Inside an old elementary school, where most people saw nothing but abandoned classrooms and deserted playgrounds, the Empty Space Theatre was born.

Housed at Mitchell Elementary School, in the neighborhoods west of ASU,the new space became an instructional classroom for the theater department during the day, and was used by the school of communication on nights and weekends.

The name, Empty Space, came from a quote by British theatrical director and producer Peter Brook, who said, "I can take an empty space and call it a bare stage."

Now, years later, the theatre is on the move to a fancy new home. The ASU Performing and Media Arts facility, opening in March at the Cornerstone shopping center on the northeastern corner of Rural Road and University Drive, will house Empty Space and the Prism Theatre, a new venue for performances from the theatre department. There will also be studios for dance, video and film.

The last performance at the original Empty Space is "Finding the Vagina Warrior," a piece by ASU communications studies doctoral student Kim Ware.

Ware says the play is about a girl from a conservative background who struggles with how to play a role in the popular "Vagina Monologues," a feminist play.

This is the first time Ware's own work has been presented, though she has performed at the Empty Space before.

"It's a great space," she says. "You can move it around in lots of ways to manipulate it and feel comfortable."

Ware says the play is based on her master's thesis, which investigates how performers are affected by their performances.

"It's a good example of the legacy of the Empty Space," she says.

Most of the plays presented at the theater are based off of research, she says. Performances for each season are picked by the theater's artistic director from a pool of student applications.

When Fred Corey, an associate dean of the University College and the director of the School of Interdisciplinary Studies, first came to ASU in 1986, he immediately felt an attachment to the Empty Space performance venue.

"What we do isn't entertainment," says Corey. "We interrogate culture."

Corey says a performance like "Finding the Vagina Warrior" proves the original vision still lives on.

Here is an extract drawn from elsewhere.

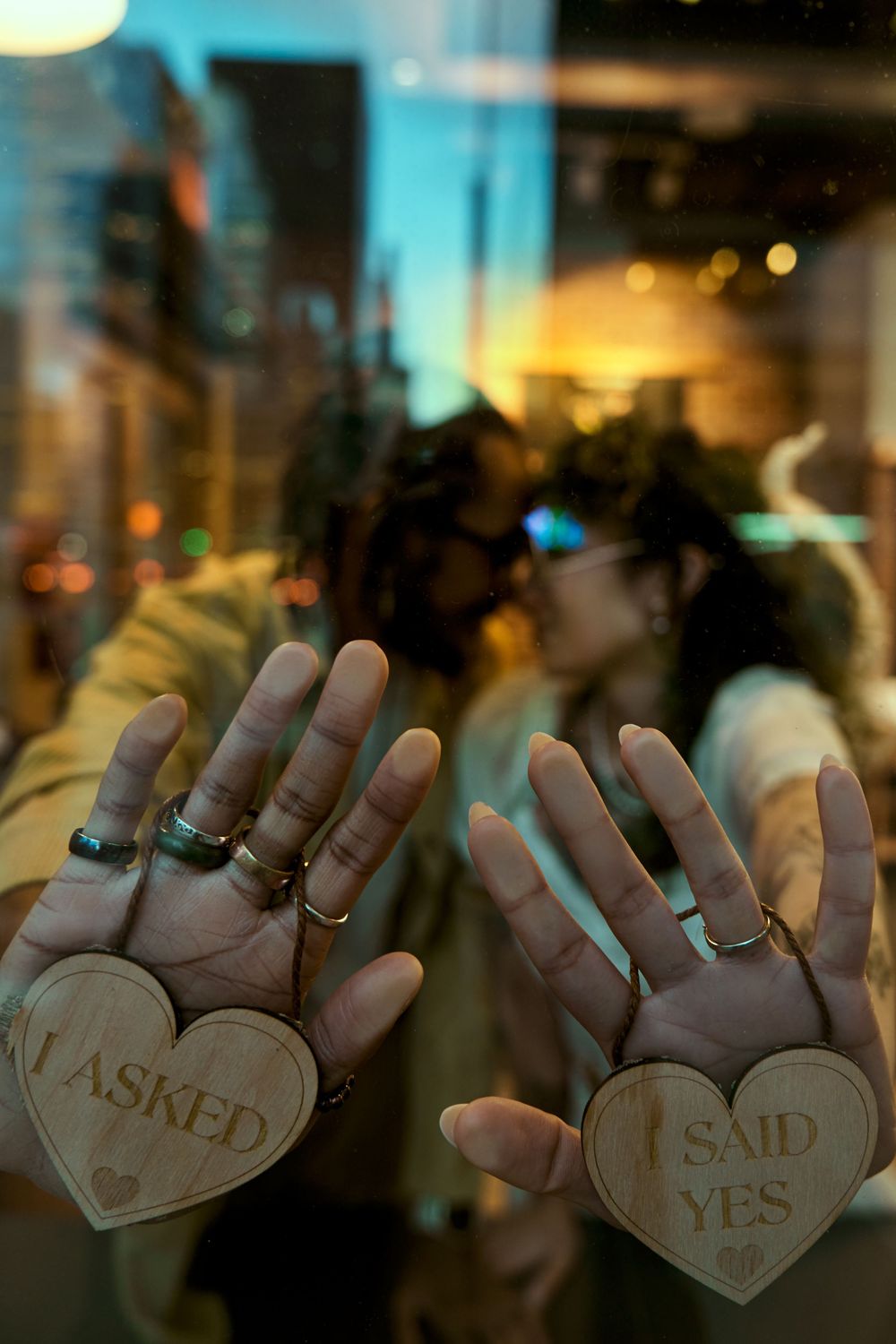 A series of photos showing hands holding up wooden heart signs spelling out 'He asked I said yes' in a dimly lit setting. Engagement shoot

"In communication studies, performance gives us an opportunity to see culture enacted," he says. "Students who participate engage texts directly, and see how it affects social and cultural change."

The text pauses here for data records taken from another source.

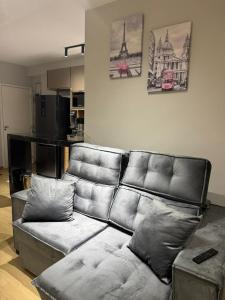 a leather couch in a living room with a kitchen at Apê 64 Bela Vista com ar condicionado e garagem in Espirito Santo Do Pinhal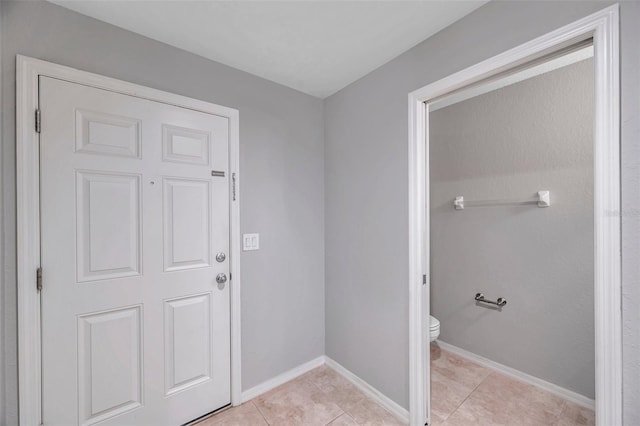 bathroom featuring toilet and tile patterned flooring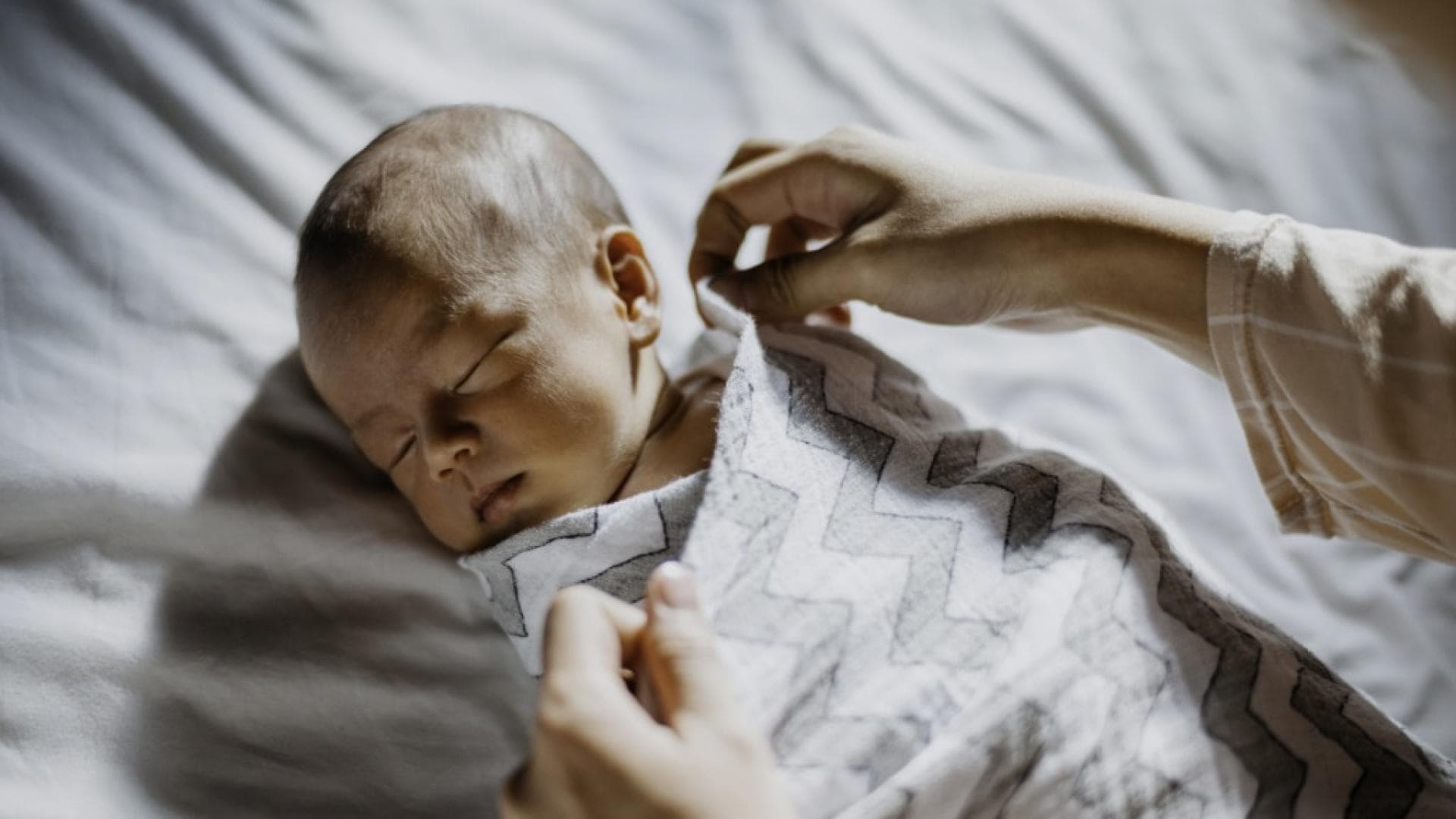 Baby pucken zum Einschlafen Baby wird in eine Decke eingewickelt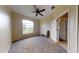 Neutral toned carpeted bedroom featuring a window and natural light at 3552 Macauley Ct, Ocoee, FL 34761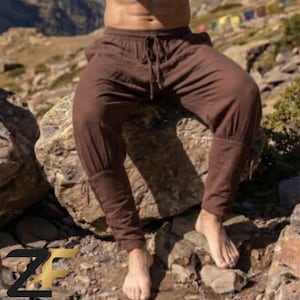 Op de afbeelding: Bruine broek met een elastische tailleband met trekkoord, een relaxte pasvorm bij de bovenbenen en nauwsluitende boorden bij de enkels. De broek is gemaakt van een textuurrijke stof en heeft zichtbare stiksels langs de broekspijpen.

Jennifer Linde, a lecturer in performance studies and the current artistic director of Empty Space, agrees.

"We explore the messages embedded in aesthetics," she says.

Linde says performances at the Empty Space are almost always original, and scripts are generally a result of months of research, including academic reading and focus groups. She says the pieces are designed to engage the audience, and sometimes utilize a "trigger script" that confronts charged issues and leads people to engage in discussions they may not normally have.

According to Linda Park-Fuller, an assistant professor at ASU who has spent 36 years in various performance studies and is a former artistic director of the Empty Space, the performances help bridge the gap between scholarly research and the general public.

"Empty Space is almost like a laboratory," she says. "Performers have a chance to share emotion with the audience in exciting and accessible ways."

Park-Fuller says that the Empty Space reflects a move toward more variety in performance studies, and that the new space will offer even more opportunity for growth.

Linde says she has been working with the building's designers to ensure the new space will maintain the intimacy that made the old venue so special.

"There's an intimacy in that room that's very powerful," she says. "I'm going to miss it."